The team played a total of eight home games in October and November this season and will play its 10th home game of January and February on Feb. 27.
The team has seen better crowds on “group-night events” such as for the Youngstown/Warren Regional Chamber and the Second Harvest Food Bank, Zoldan said.
The team has scheduled 18 such nights among its 30 home games next season as compared with about a half-dozen this season, Zoldan said.
That assumes the team returns next season.
Repeating what he’s said in previous years, Zoldan said it’s been a challenge to attract a following for the team and “this is not a money market for Bruce Zoldan or Phantom Fireworks,” the brand name of his B.J. Alan Co. fireworks business.

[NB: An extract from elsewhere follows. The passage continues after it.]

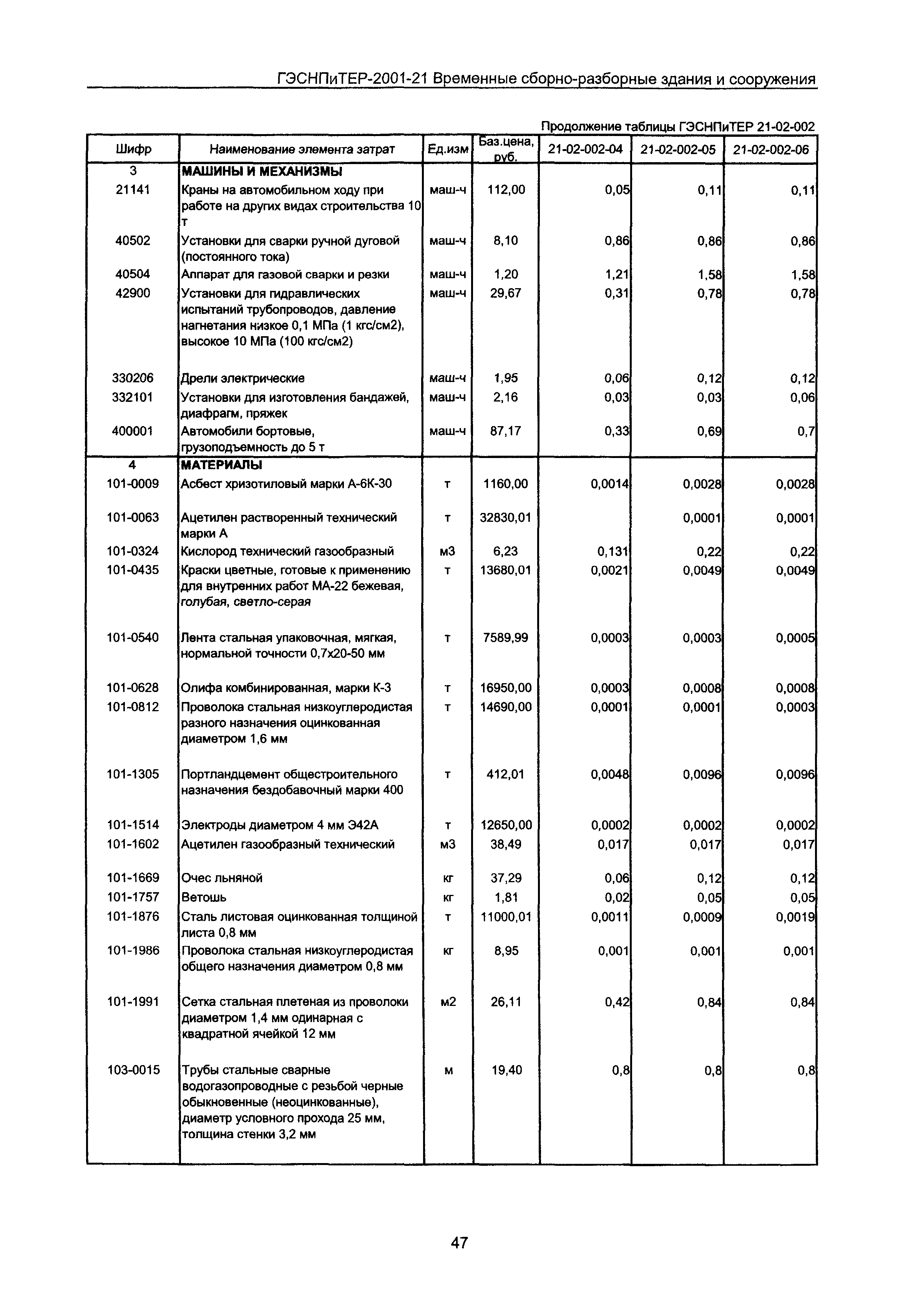 ГЭСНПиТЕР 2001-21 Московской области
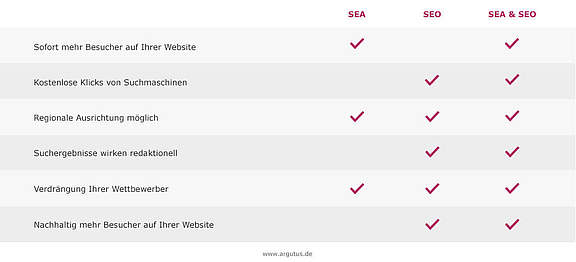 Infografik SEA SEO Zusammenspiel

“Once our community understands this Tier 1 brand of hockey, they’ll appreciate it,” he said.
The team needs to average about 2,000 fans a game to break even, Zoldan said. Of the 16 teams in the USHL, there are only three, including the Phantoms, with attendance below 2,000 a game.
Zoldan said he has no interest in a hockey team from a different league, including minor leagues.
In June 2013, when Ryan decided to give the Phantoms a fifth season rather than opt out of a contract, Zoldan said his goal was to sell 1,500 season tickets for 2013-14. The team didn’t come close to that number, and efforts to sell season tickets through an organized effort failed almost right after they started.
The team sold about 350 season tickets for the 2012-13 season and sold more this season, according to Zoldan, who didn’t have the figure Monday.
However, he said Monday that the team’s “success is not season tickets, but attracting devoted fans who want to watch” the Phantoms play.
The Phantoms’ struggle to attract fans to the center during its first four seasons allowed the center to have an out last year as far as cutting ties with the team unless Zoldan agreed to pay a $75,000 penalty.
Ryan decided to give the Phantoms another season without requiring the penalty, saying he would evaluate how the fifth season progressed in ticket sales and other financial issues before making a decision.
The team’s attendance this season was lower than the prior season, and the second lowest in the league.
Keeping the Phantoms fills 30 days at the center, which has about 100 events annually, said Ryan, who was noncommittal about a sixth season for the team.